I bet you can guess which book inspired me to draw this.
This is Emily Writes Back, for brilliant people, by Emily Sanders Hopkins.
As you may have noticed, gentle reader, I have fallen short of my intent to send you daily or nearly daily poems and stories. But today marks exactly one month before the big swim, Women Swimmin’ for Hospicare, which has so far raised $203,346 toward its $600,000 goal, and so I recommit to stepping on the gas and sending you little ditties and delights every day, to inspire giving to my fundraising campaign for Hospicare as part of Women Swimmin’.

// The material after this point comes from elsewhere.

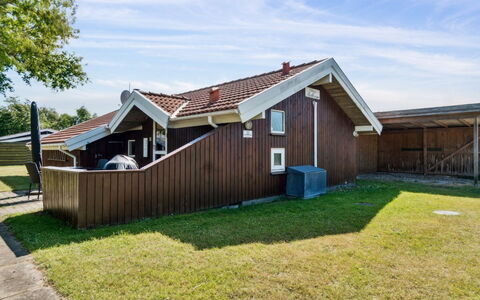 Thrym - 200M from the Sea: Toit, Maison, Domicile, Chalet, Siding, Biens, Allée, Batiments Jardin, Cour, Cabanon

OK, here’s a poem I wrote this morning about my very acute hankering for a certain kind of book:
Our Books For Lizzie and Amy A curling stem of purest black beneath a deep red burst of care/ reason/smarts/perfume, against the palest blue-- her strands of hair, the sky, the road that leads us there, starting on page one. Mean what? Surety, style, a metaphor, an emblem logo of imagination, branded into memory, a place to writhe in comfort and anticipation. There are places in the mind built from storybooks: underground rabbit kingdoms, remote Canadian islands covered in flowering trees, mansions with overgrown gardens behind a wall, or insides of attics when a storm's outside, the father in a far dimension, roaring rain and wind against the house. Long dark halls and multiple crazy wives hidden away behind closed doors. (Why are hidden women gone insane such a cozy thought?) Boarding schools as familiar as McDonald's ho hum talking portraits... so perfect it's downright tacky. The Silver side of slender leaves, a river boat, and species of animals that follow wherever you go-- daemons-- and in day, that meadow hill we lie on still in our head on our backs, looking at the sky where characters see more in clouds than we could mange to see ourselves. I want to travel back to a Bronte/du Maurier/L'Engle place or a Richard Russo town, with a McMurtry kind of gal who snaps her gum or has peacocks in her yard and says no like "Nah." Make the plains stretch forever, and the house's clapboard bright in sun. Chapped cheeks and snow that crunches, a girl prettier than almost anyone, and a house that's haunted by a tender ghost who only wants what's best. Put me in a ship on a rolling sea with a captain hero who gazes far or a Swedish stowaway aimed to build a life in an America that's good. In the books of my adolescence, parents were tanned and distracted. Little brothers were pains or sages. Teachers were dying of cancer secretly or owned a forest cabin. What else am I forgetting?